Judas experienced remorse, not repentance. When Judas went out from the Upper Room, “it was night” (John 13:30), but when Peter went out to weep bitterly, there was the dawning of a new day. It is the contrast between godly sorrow that leads to true repentance, and the sorrow of the world (regret and remorse) that leads to death (2 Cor. 7:9–10). We will discover that Jesus restored Peter (John 21) and enabled him to serve with great power and blessing.
In the garden that night, you would find both guilt and grace. Peter was guilty of resisting God’s will. Judas was guilty of the basest kind of treachery. The mob was guilty of rejecting the Son of God and treating Him as though He were the lowest kind of criminal.
But Jesus was gracious! Like King David, He crossed the Kidron, fully conscious that Judas was betraying Him. He went into the garden of Gethsemane surrendered to the Father’s will. He healed Malchus’s ear. He protected His disciples. He yielded Himself into the hands of sinners that He might suffer and die for us.

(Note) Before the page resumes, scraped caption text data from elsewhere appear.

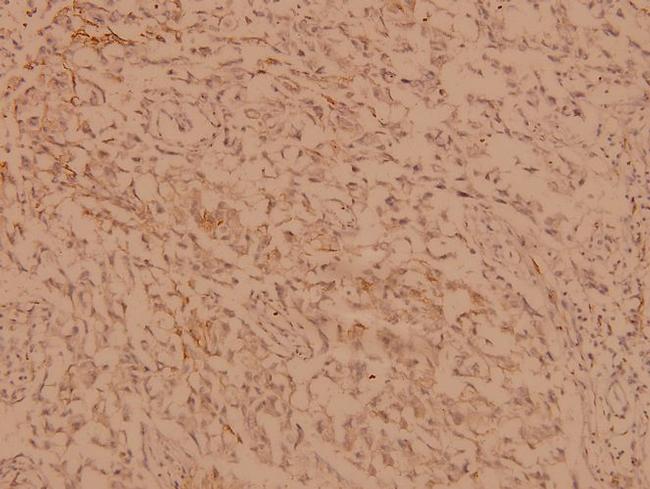 hnRNP C Antibody in Immunohistochemistry (Paraffin) (IHC (P))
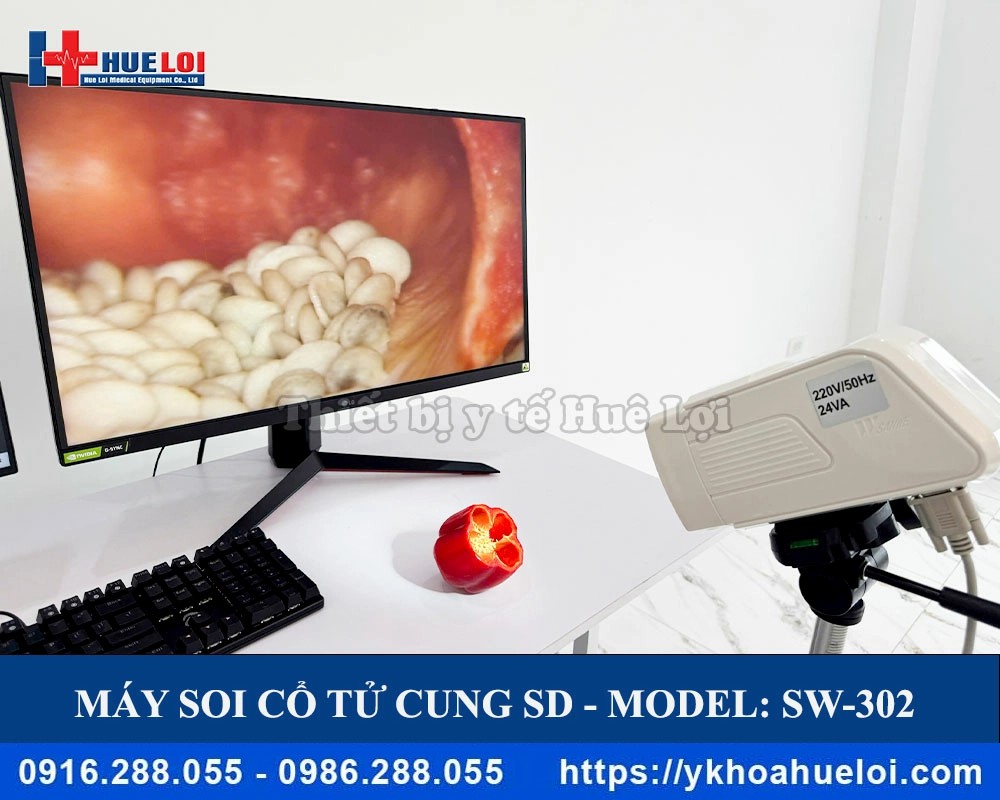 Máy soi cổ tử cung kỹ thuật số SW-3302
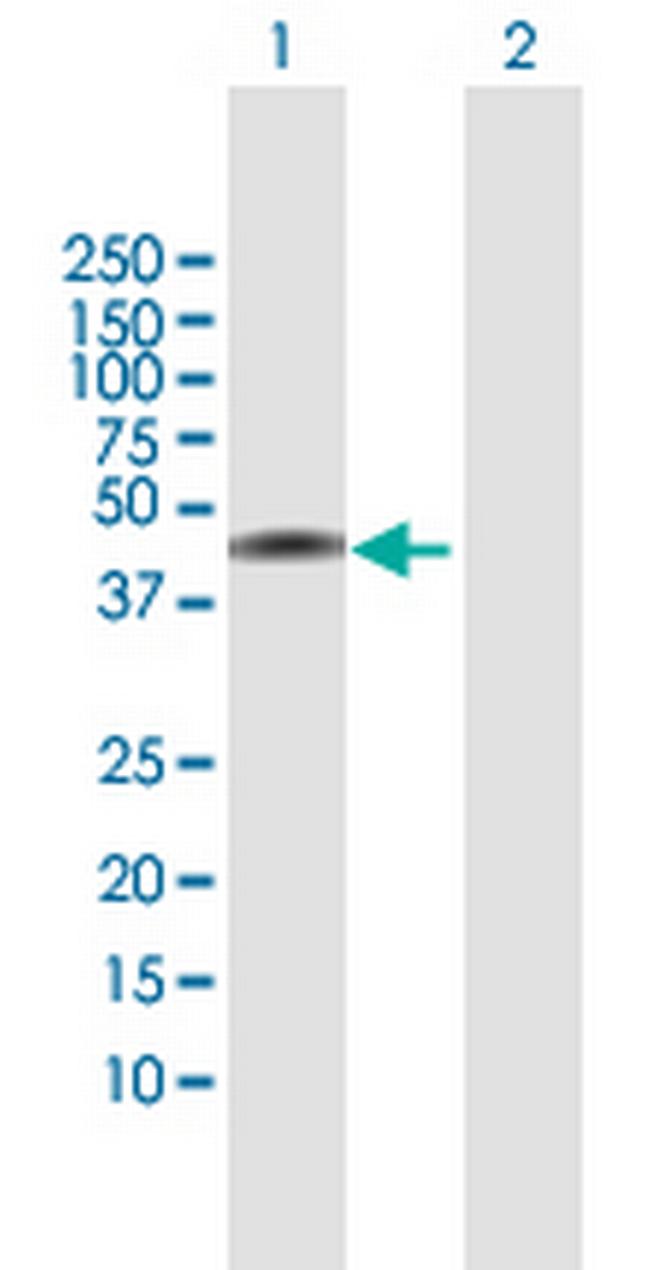 NSDHL Antibody in Western Blot (WB)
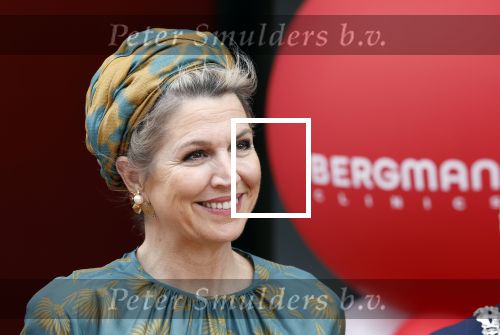 Capelle aan de Ijssel 3 juni 2025
Koningin Maxima opent het nieuwe kantoor van Bergman Clinics.
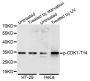 Anti-Phospho-CDK1-T14 antibody (STJ22058)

And THAT’S why we sing Reckless Love as it captures our hearts at the core…
Oh, the overwhelming, never-ending, reckless love of God
Oh, it chases me down, fights ’til I’m found, leaves the ninety-nine
I couldn’t earn it, and I don’t deserve it, still, You give Yourself away
Oh, the overwhelming, never-ending, reckless love of God, yeah
When I was Your foe, still Your love fought for me
You have been so, so good to me
When I felt no worth, You paid it all for me
You have been so, so kind to me…
Dear Heavenly Father,
Thank you for reminding us that we are, like Peter, standing in need of forgiveness for going our own way, failing to do your perfect will. Thank you for loving us the way you do. Thank you for sending Your Son to die for our sin. Thank you for restoring our souls then inviting us to Your work! Your love is amazing. We are such a work in progress…but you know that and never leave us. Thank you, Lord.